AMY GOODMAN: This is Democracy Now! I’m Amy Goodman, with Juan González.

JUAN GONZÁLEZ: The death toll in Gaza has risen to at least six after Israel launched its heaviest airstrikes on the region since 2014, targeting scores of buildings, including a TV station, Al-Aqsa TV. Israeli airstrikes also reportedly hit dozens of homes. Militants in Gaza responded by launching hundreds of homemade rockets into Israel. One person in Israel was reported killed, a Palestinian man in Ashkelon. Sixteen others were injured, including at least one—two critically. The recent escalation began after a team of Israeli commandos drove into the southern Gaza city of Khan Younis Sunday in a clandestine raid that killed seven Hamas members, including a commander. Israel said one of its soldiers had been killed in an exchange of fire before Israel called in tank fire and airstrikes while the commandos escaped back to Israel.
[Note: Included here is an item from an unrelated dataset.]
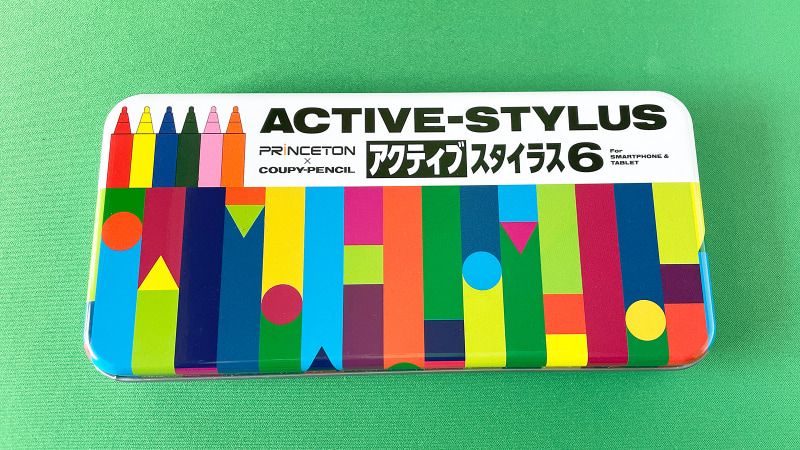 クーピーペンシルでおなじみのブリキ缶を模したケース。この缶も製品の一部だと思っています。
AMY GOODMAN: Well, for more, we’re joined by Muhammad Shehada, a writer and activist from the Gaza Strip, writes for Haaretz, The Forward and other publications.

Muhammad, welcome to Democracy Now! Can you explain to us what you understand is happening in Gaza, as you join us from Sweden, where you’re a student?

MUHAMMAD SHEHADA: Well, it started with Israel carrying out an undercover assassination against the top Hamas leader, Nour Baraka, at the worst and most inexcusable time one could ever think about: only a few days after Hamas and Israel supposedly reached an understanding to restore tranquility and calm and reintroduce progress to Gaza. Once the Israeli cover was blown up, Hamas retaliated with a barrage of improvised, primitive projectiles on Israel’s south, with the aim to draw a red line of deterrence for Israel, that it cannot do as it may please in the Gaza Strip. Israel responded immediately with an explicit implementation of the Oxford definition of “terrorism,” basically intimidating and terrorizing Gaza’s civilian caged population as an instrument to achieve political gains—essentially, to send strong messages to Hamas and, according to a senior Israeli officer, exact a price from the other side.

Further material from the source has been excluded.